Allied plans for troop withdrawals from Afghanistan are likely to be discussed when David Cameron greets Pakistani president Asif Ali Zardari for talks at Downing Street.
Mr Zardari's visit to London comes just a week after US President Barack Obama unveiled plans to pull 33,000 American troops out of Afghanistan by next summer, and amid speculation that Mr Cameron may soon announce further reductions in the 9,500-strong UK presence.
The Prime Minister has already announced that 450 UK troops are to come home this summer.
The winding down of the international military presence - due to be completed by the end of 2014 - will jangle nerves in Pakistan both over the possibility of renewed instability in its northern neighbour and the prospect of increased US drone strikes on militants in tribal areas near the border.
In their talks at Number 10, the Prime Minister and president Zardari are expected to discuss security in the border areas, which have long been a haven for Taliban insurgents, as well as the impact on Pakistan's militants of the death in May of Osama bin Laden.
It is the first time the two men have met since the al Qaida terror chief was located and killed by US troops in the Pakistani garrison town of Abbottabad.

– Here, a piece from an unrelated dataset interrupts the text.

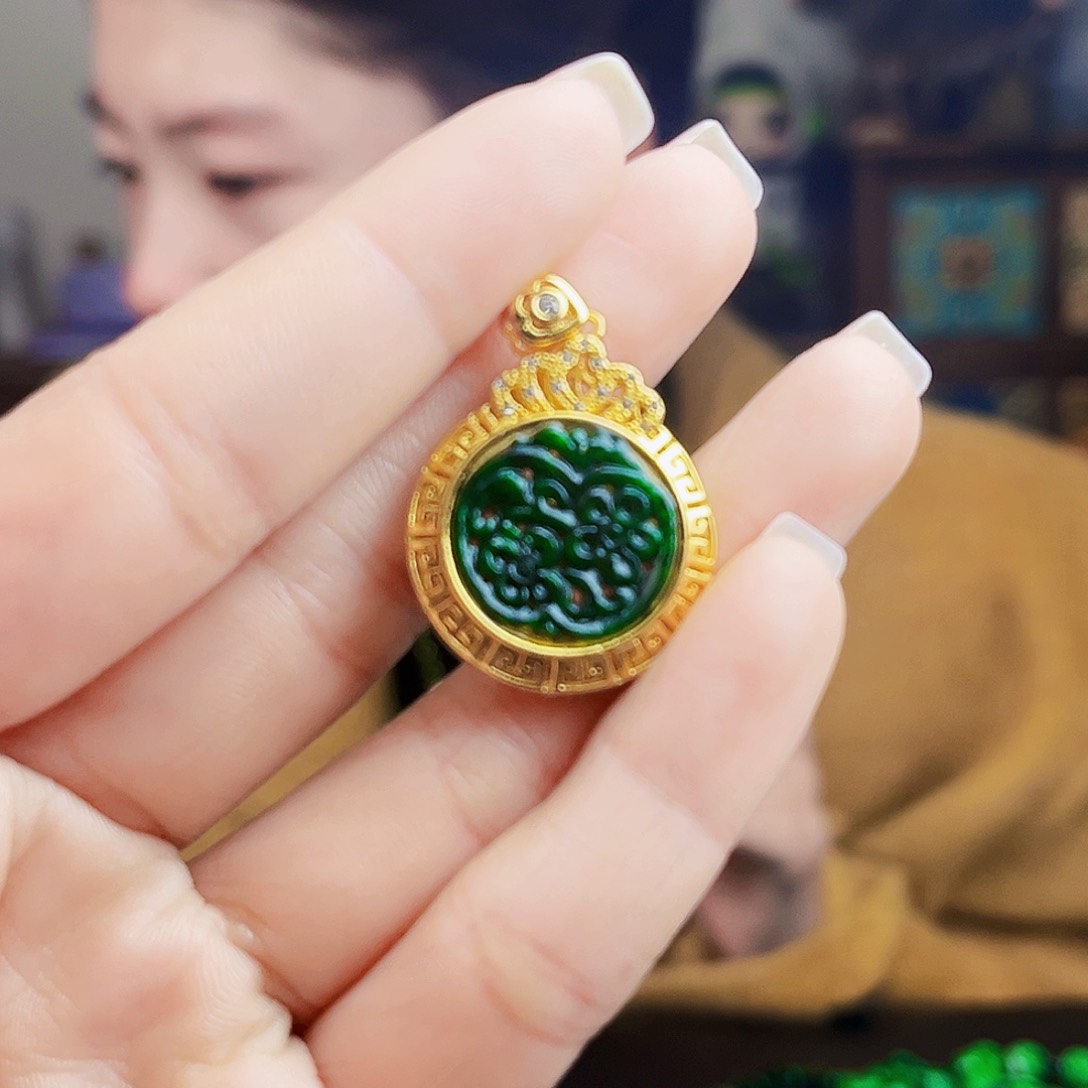 颈饰银S925镶嵌翡翠多样性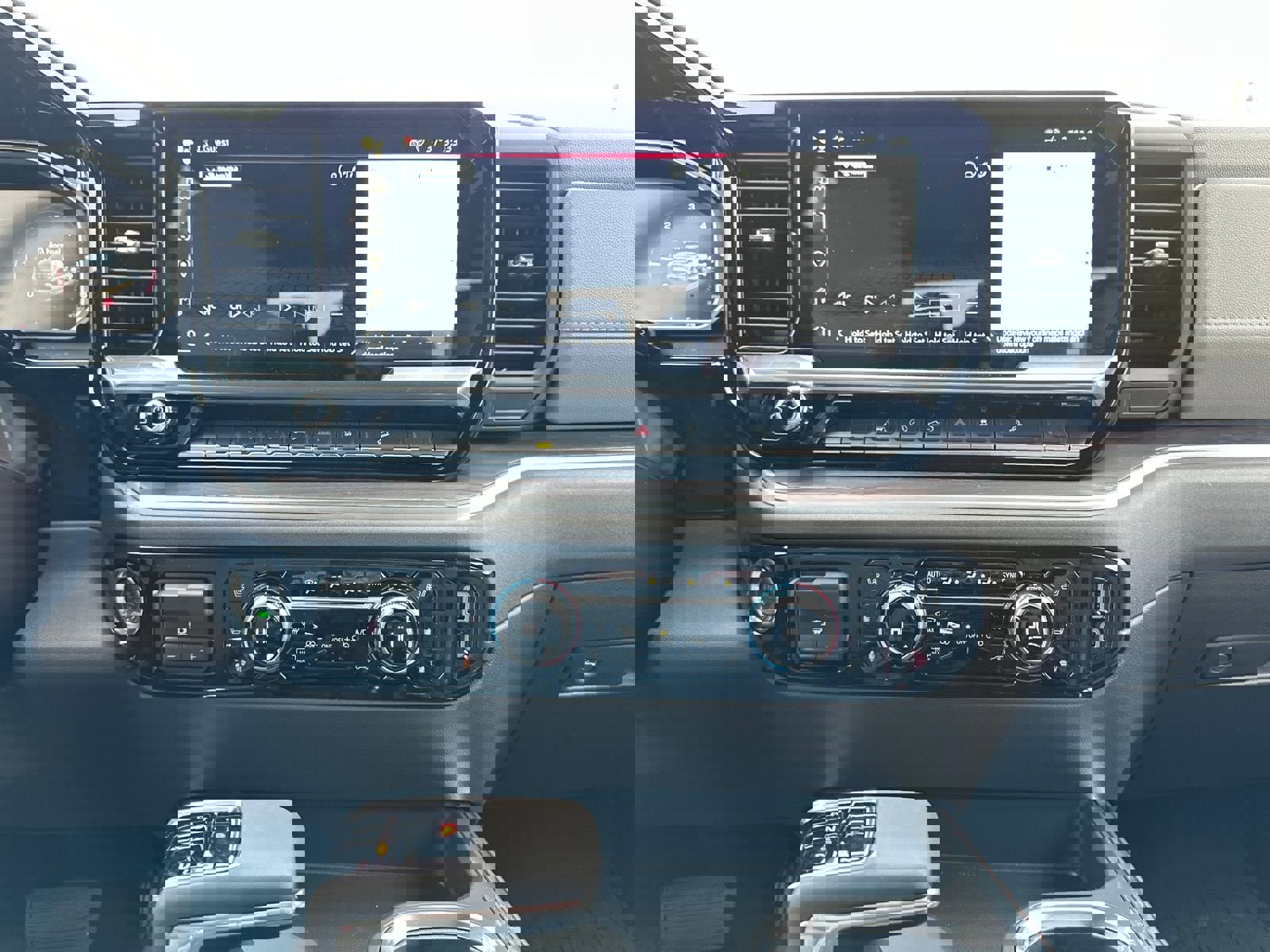 New 2026 GMC Sierra 1500 SLT w/ SLT Premium Package image 24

The presence of the world's most wanted man in the town known as "Pakistan's Sandhurst" led to strains in the relationship between Islamabad and the West, with widely-voiced suspicions of collusion on the part of elements in the country's security forces.
In his first visit to Pakistan in April, just weeks before bin Laden's death, Mr Cameron said he wanted a "fresh start" in bilateral relations and offered £650 million in education aid and better security cooperation.
The talks come after President Zardari met Foreign Secretary William Hague and Deputy Prime Minister Nick Clegg on Thursday.